For Baby’s Sake recognises that this could have a long-term impact, potentially including developmental trauma, for babies and young children. Brenda Evans, our Therapeutic Lead, has written some specialist guidance, providing context around the risks to mental and emotional health and offering advice on providing trauma-informed and attachment-focused support to vulnerable families at this time. You can download a copy of the guidance by going to the resources section of our website.
Babies and toddlers can be emotionally overwhelmed when their sense of safety has been lost.
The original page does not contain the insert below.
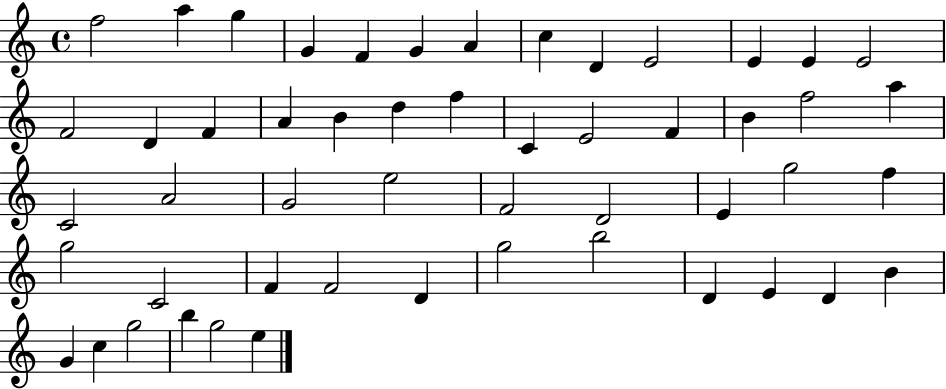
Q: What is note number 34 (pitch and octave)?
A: G5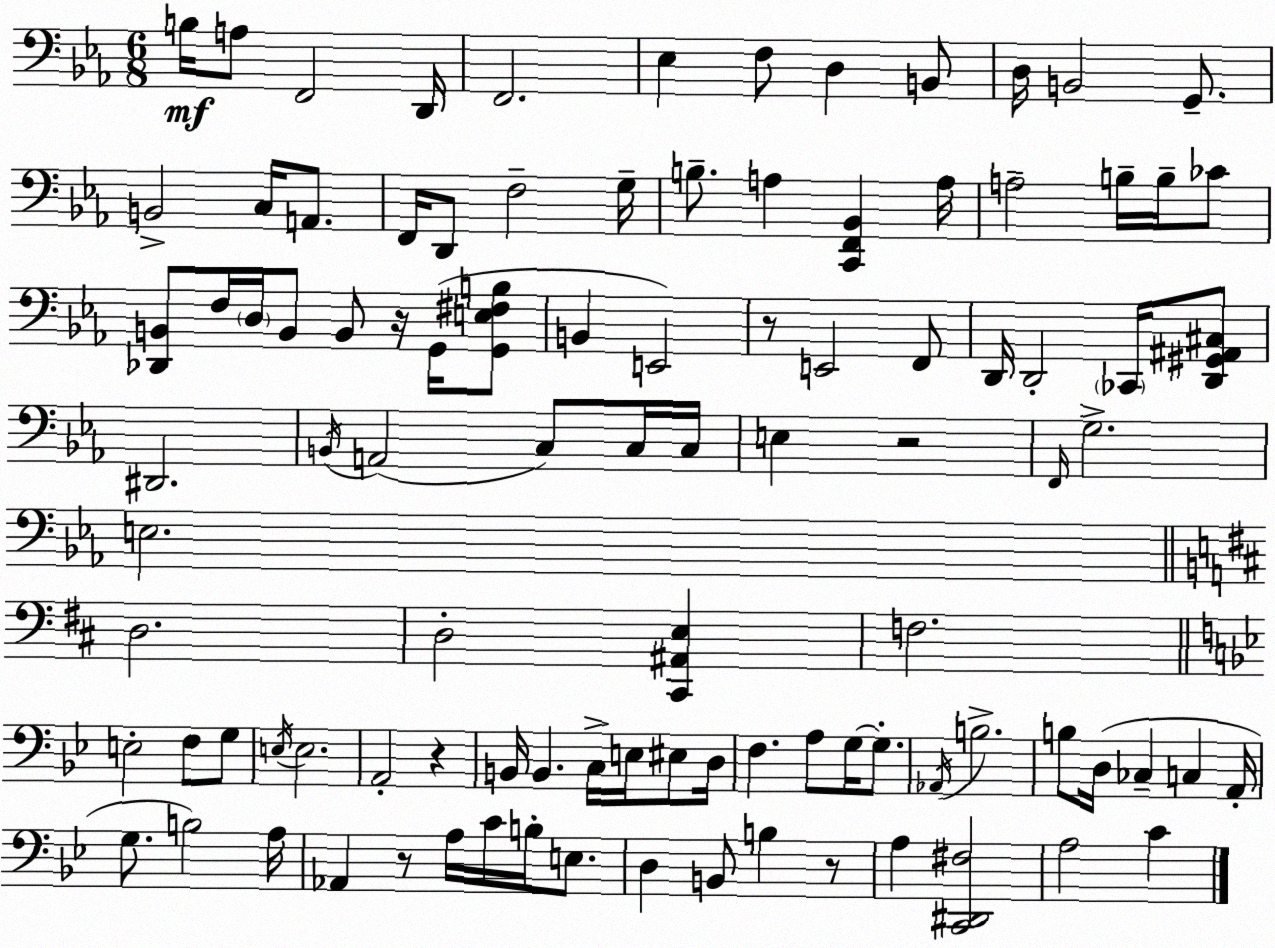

The guidance offers tips on the signs that this might be happening and suggestions to help parents to be prepared to understand and to act. Empowering parents to make home a safe base for babies and children has rarely been more important. Parents also need to know that reaching out for support when they need it is a sign of resilience.
It is widely recognised that for some people, home is not a safe haven. Across the UK, there are babies, born and unborn, that are particularly vulnerable to physical and emotional harm because they are at a critical stage in their development. For Baby’s Sake is totally committed to these babies – and their parents – and has continued to commit significant resources to deliver specialist, trauma-informed support throughout the Covid-19 pandemic. Today, For Baby’s Sakejoined leading charities across the country to call on the government to keep the needs of all vulnerable babies in mind.
At the therapeutic core of For Baby’s Sake is our Inner Child module. We use this to connect with the often wounded element within the parents we support: their child within – fragmented, alone and confused. This is where we can begin to discover the root of their fears, insecurities and sabotaging life patterns – where the true healing actually happens.
For Baby’s Sake Practitioners are working hard every day to ensure ongoing delivery of this essential module, despite lockdown. Here, in their own words, is just one example:
‘I am successfully working remotely with a mum on the inner child module via the phone – and she is responding well. To give herself space without partner and children around, she either goes for a walk whilst on the phone to me or sits in her car. Last week, she sat in the car and closed her eyes so that she could immerse herself into the visualisation exercise ‘going back home’ to set the foundations for the rest of the session. We were able to complete essential elements of the module and, somehow, completing this via telephone seemed to work well as she reported not feeling awkward by not being watched. The session enabled her to speak up for her 11 year old self, which she said felt ‘like a weight had been lifted’. She said It also helped her to verbalise how she will parent differently to break the cycle of low self-esteem for her own children.